_Pictures with short captions_
***

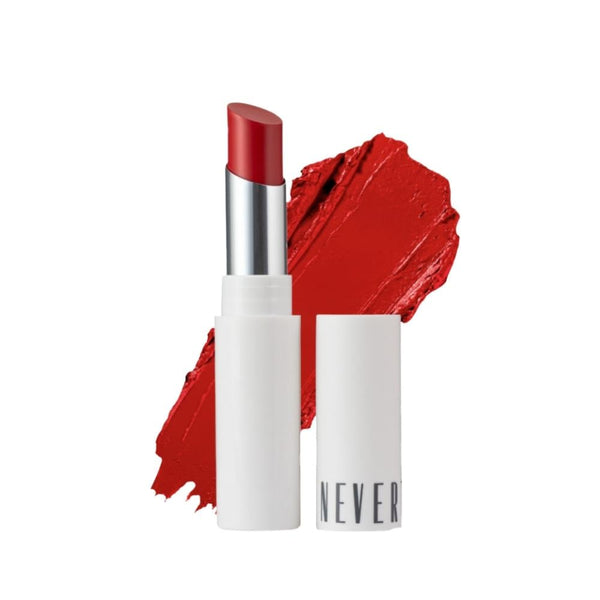 Neverti Limitless Kiss Creamy Lipstick, 010 Lady in Red, Long-Lasting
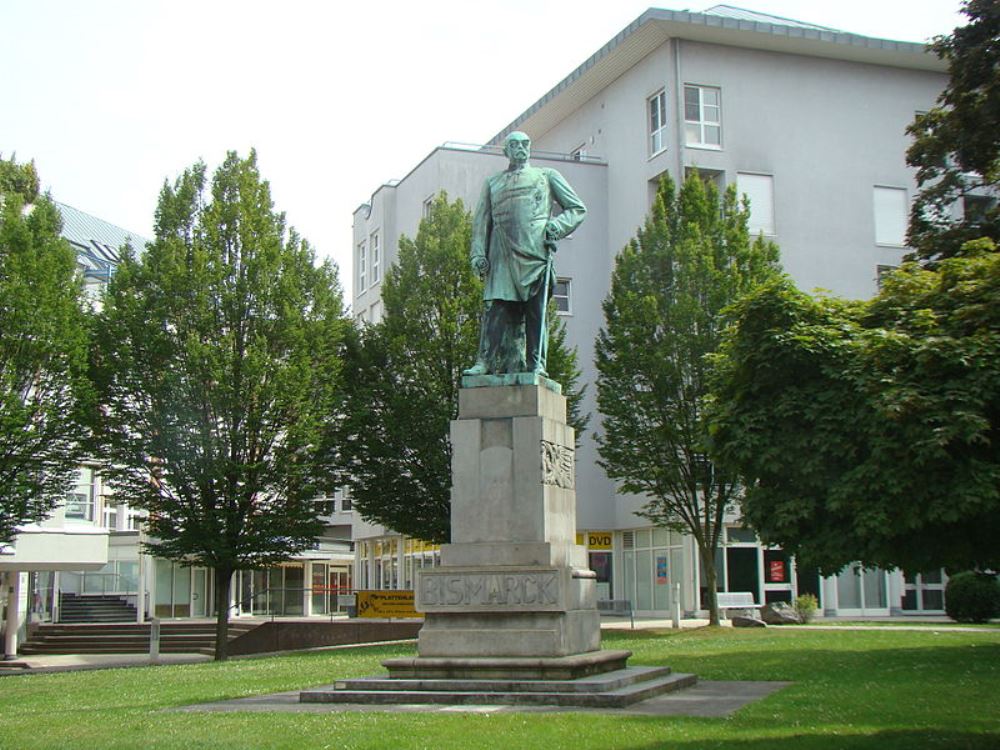 Statue of Bismarck #1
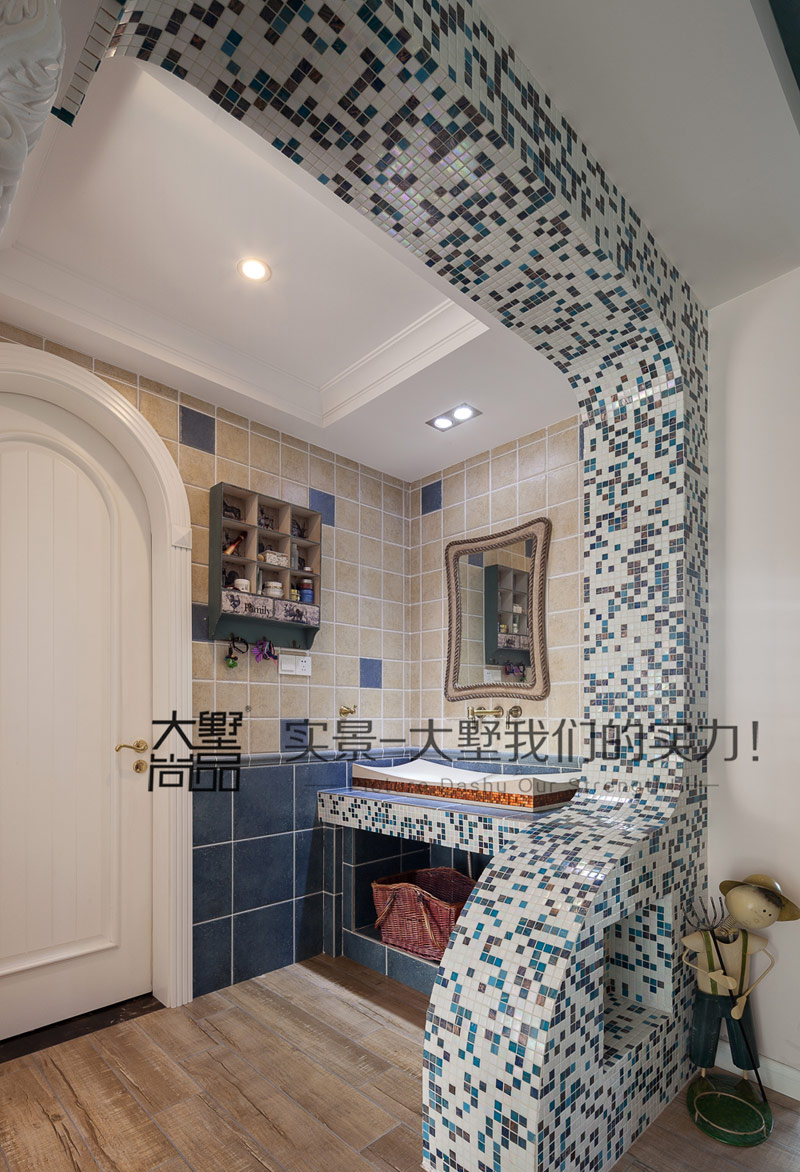三居 美式 卫生间图片来自大墅尚品-由伟壮设计在碧海蓝天·把梦幻地中海搬回家的分享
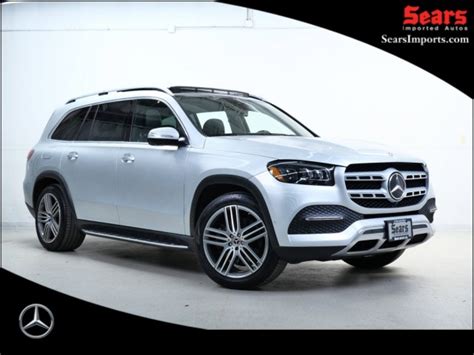 Certified Pre Owned 2021 Mercedes Benz Gls Gls 450 Sport Utility In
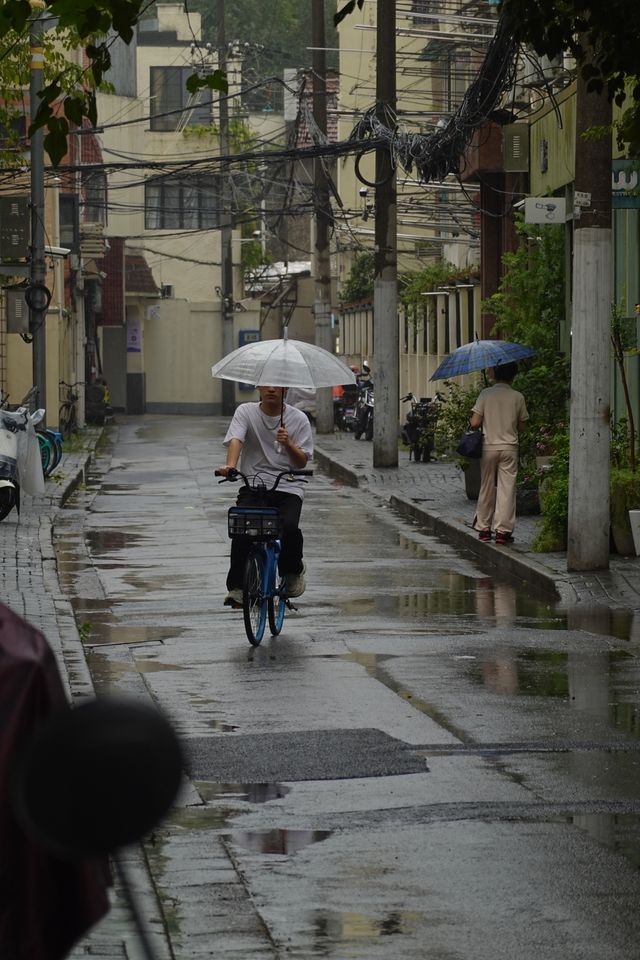 上海小馬路城市漫步｜隱於市中的利西路。
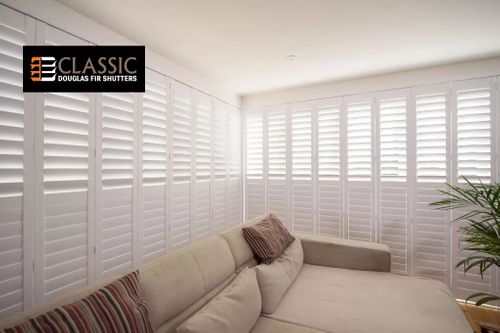 Classic Wood Shutters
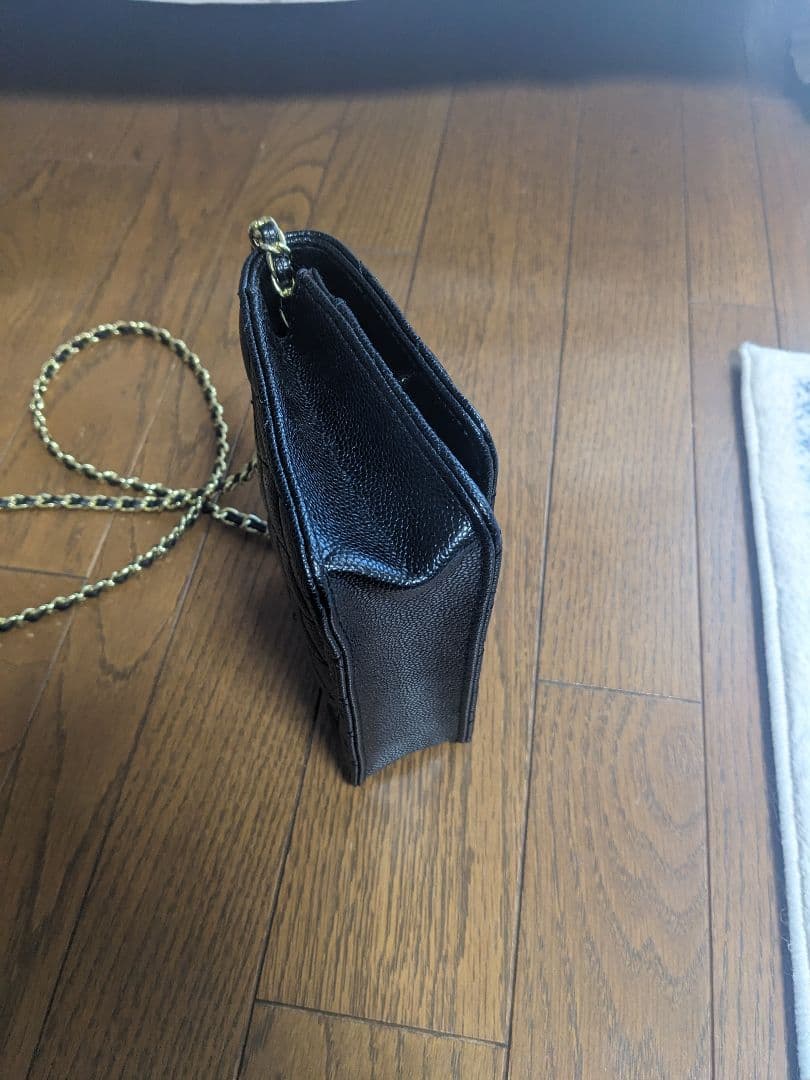 ショルダーバッグ/ブラック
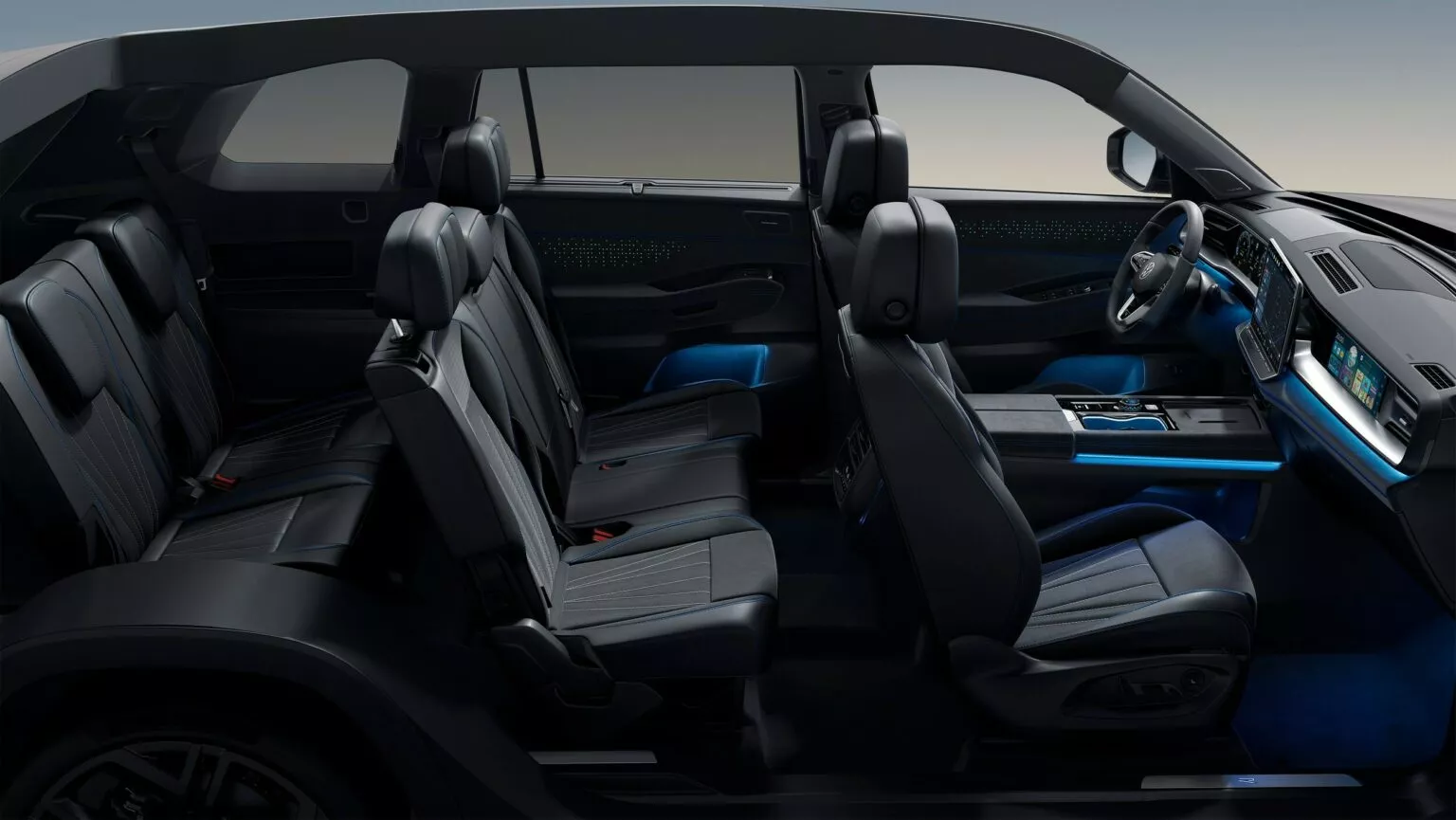 Передняя панель VW Teramont Pro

***

_EXERCISE GOAL_
Nothing but the lines from the one containing "Certified Pre Owned" through the last line of the records should appear in the copy, exactly as written and without pictures.

_ANSWER AREA_
 Certified Pre Owned 2021 Mercedes Benz Gls Gls 450 Sport Utility In
 上海小馬路城市漫步｜隱於市中的利西路。
 Classic Wood Shutters
 ショルダーバッグ/ブラック
 Передняя панель VW Teramont Pro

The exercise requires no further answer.